» Your assignment: Copy, word for word, the lines below from the one containing "Blue-footed Booby - ML621121108" up to and including the one containing "Geo Landscape Planfondlamp", with pictures left out.

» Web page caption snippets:
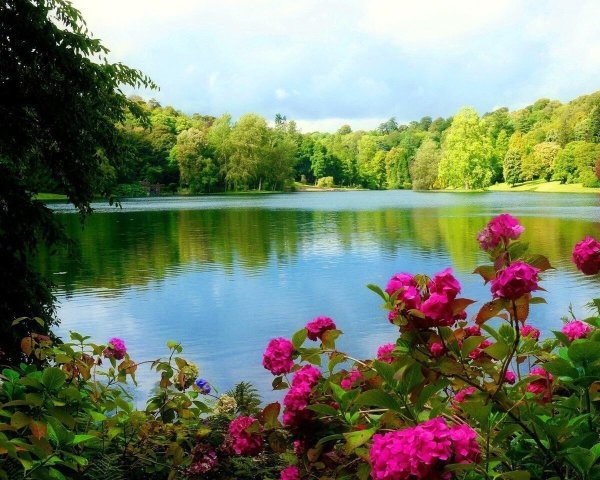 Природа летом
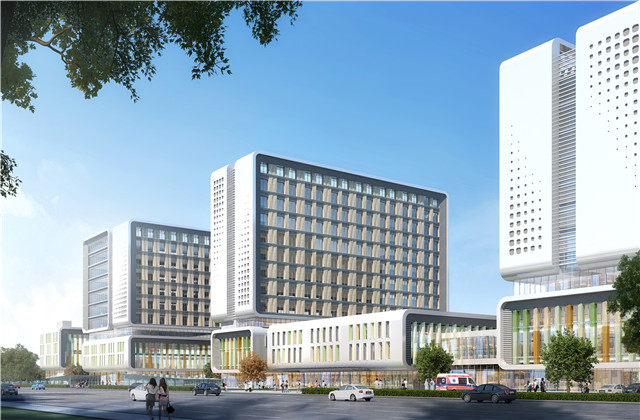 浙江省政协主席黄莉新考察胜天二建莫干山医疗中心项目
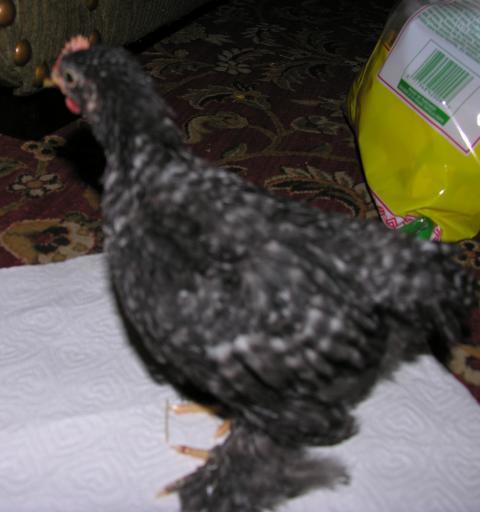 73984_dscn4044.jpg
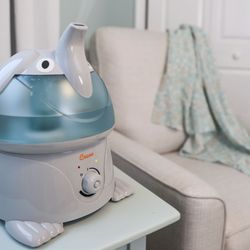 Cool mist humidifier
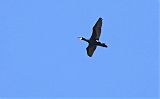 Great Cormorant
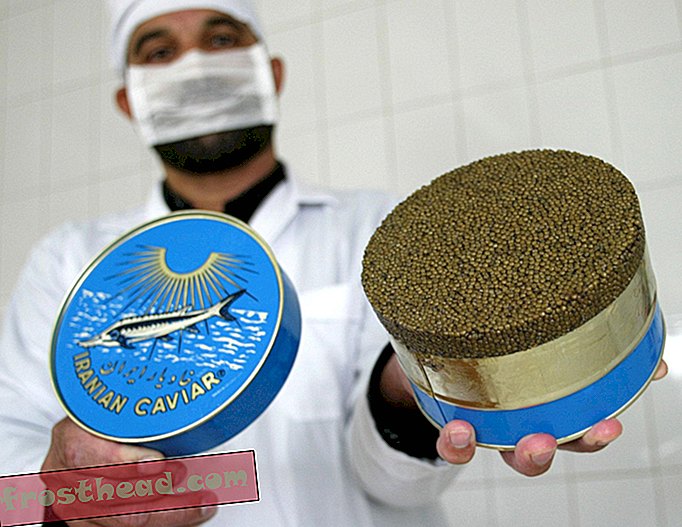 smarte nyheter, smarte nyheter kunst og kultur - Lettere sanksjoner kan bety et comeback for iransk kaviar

--

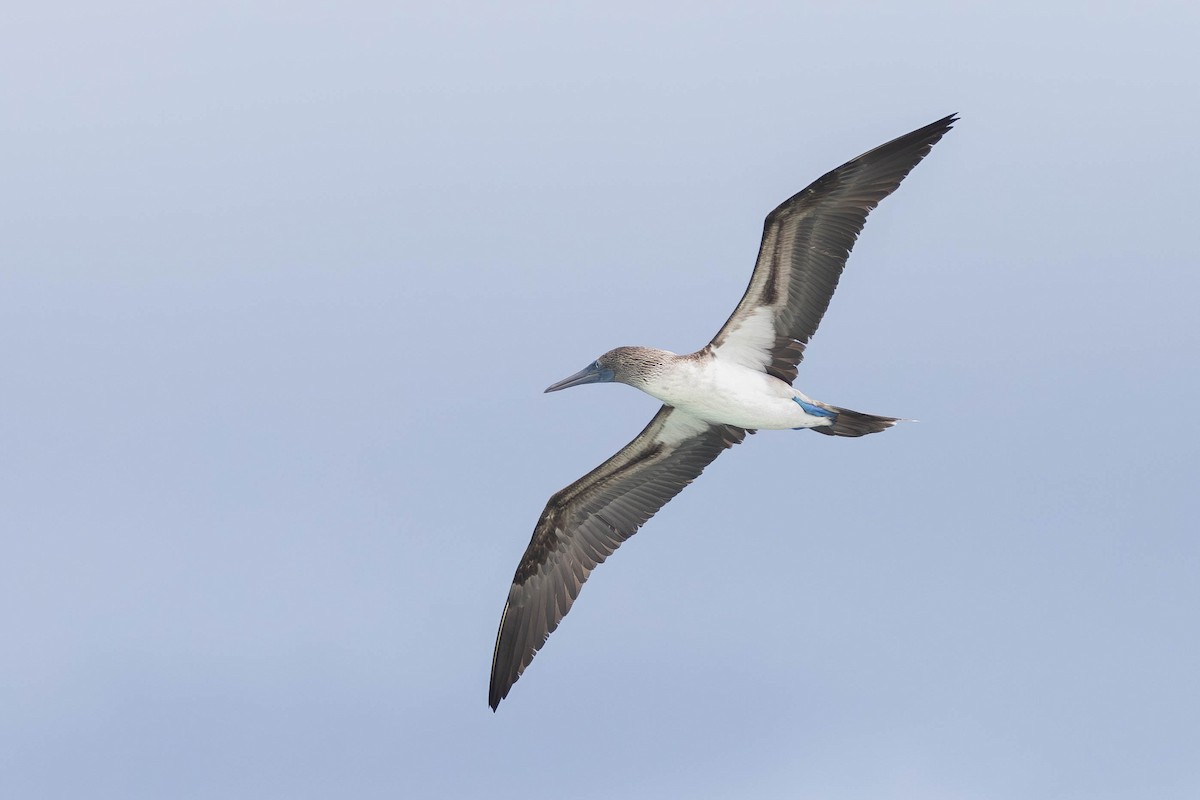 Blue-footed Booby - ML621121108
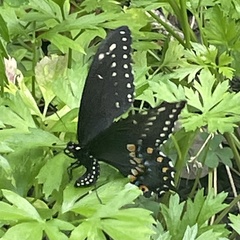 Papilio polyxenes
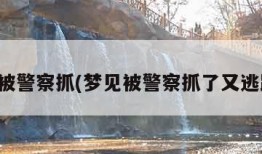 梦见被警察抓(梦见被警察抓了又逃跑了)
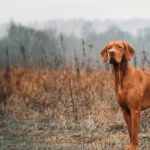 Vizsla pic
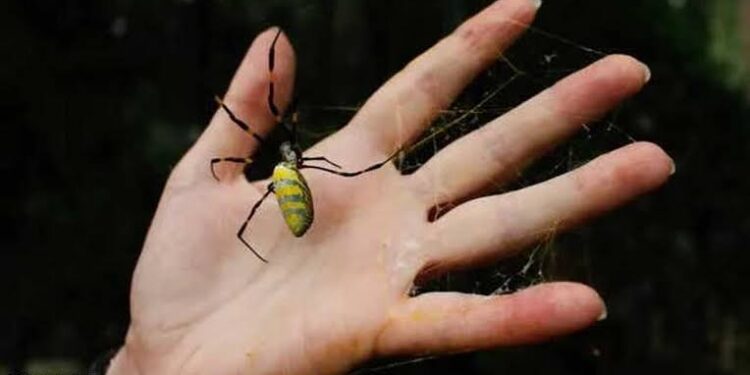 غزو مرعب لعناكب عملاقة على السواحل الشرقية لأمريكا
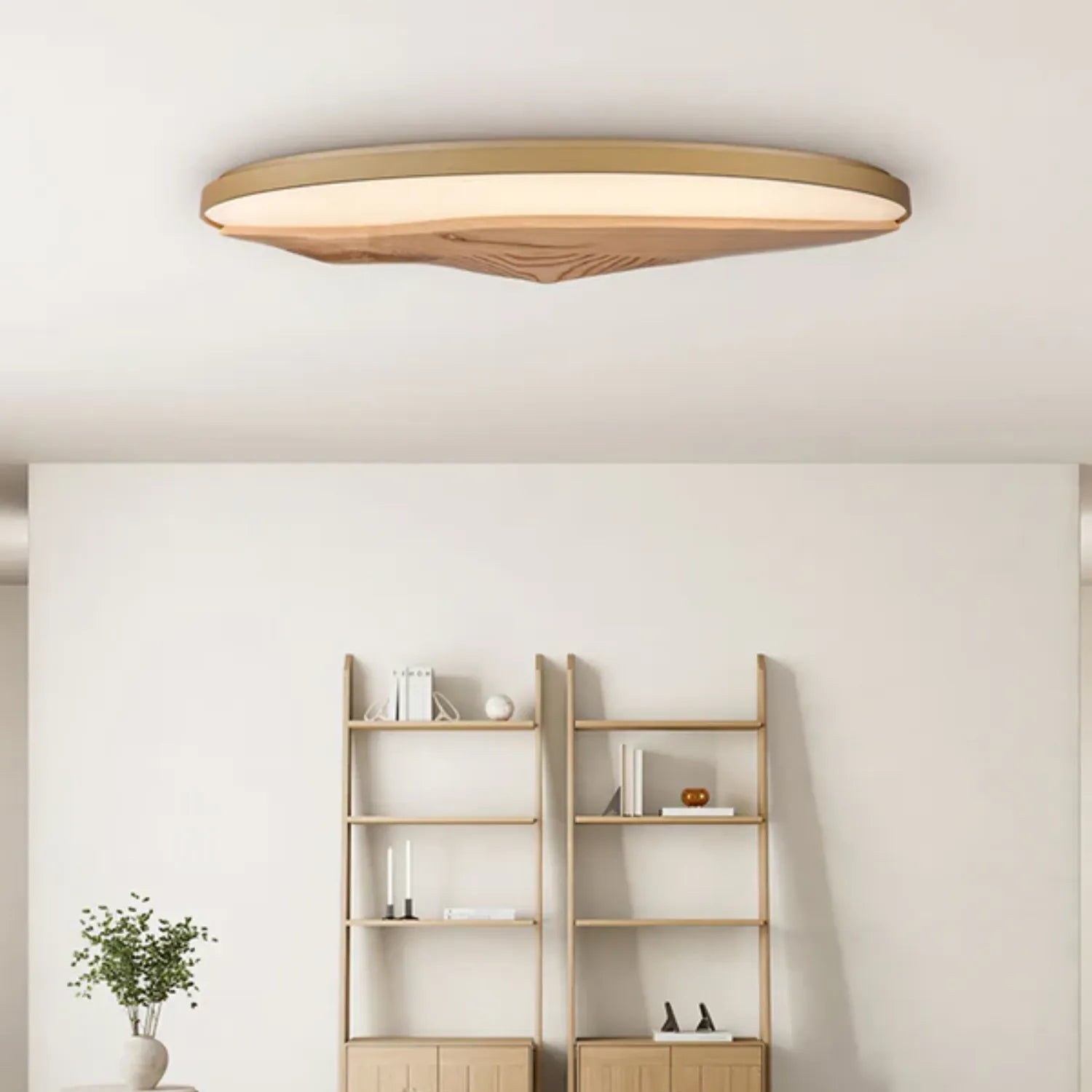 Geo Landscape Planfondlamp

---

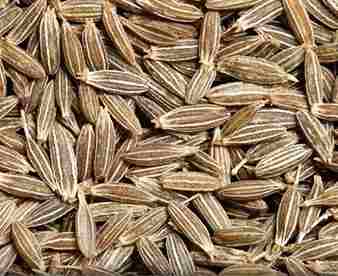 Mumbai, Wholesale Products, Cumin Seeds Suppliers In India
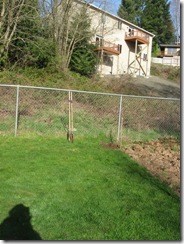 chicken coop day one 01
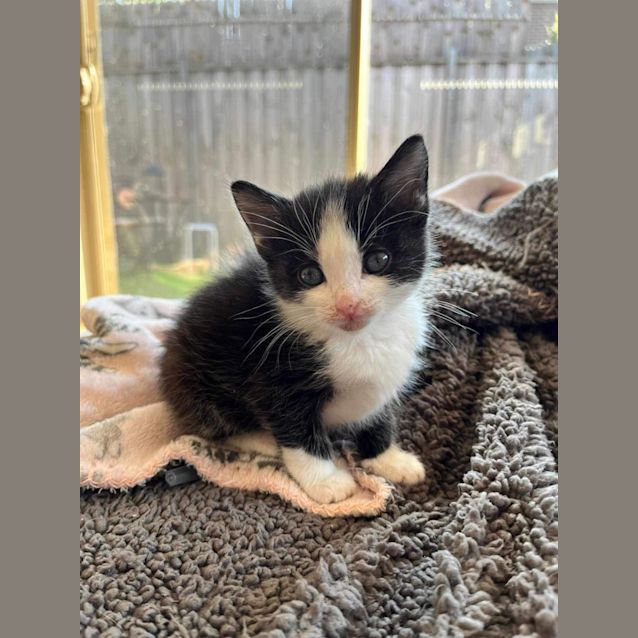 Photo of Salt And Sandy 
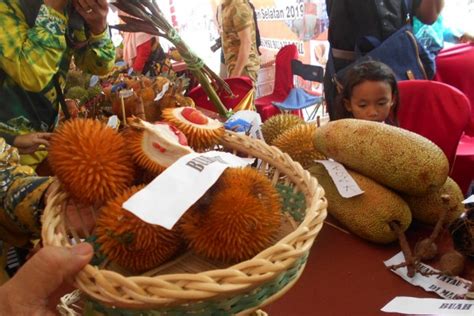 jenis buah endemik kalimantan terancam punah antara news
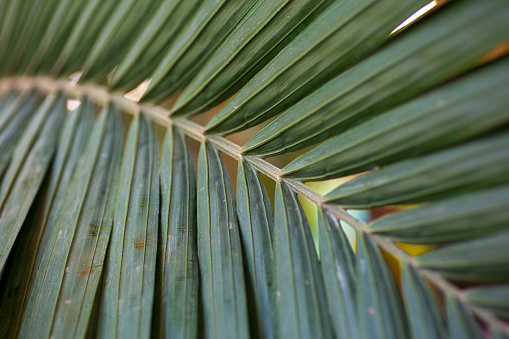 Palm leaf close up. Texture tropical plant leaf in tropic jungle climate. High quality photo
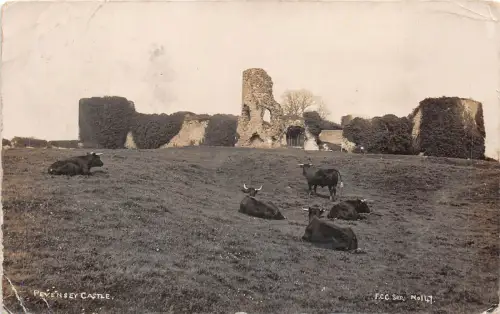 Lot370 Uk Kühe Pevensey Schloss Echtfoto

» Written solution:
 Blue-footed Booby - ML621121108
 Papilio polyxenes
 梦见被警察抓(梦见被警察抓了又逃跑了)
 Vizsla pic
 غزو مرعب لعناكب عملاقة على السواحل الشرقية لأمريكا
 Geo Landscape Planfondlamp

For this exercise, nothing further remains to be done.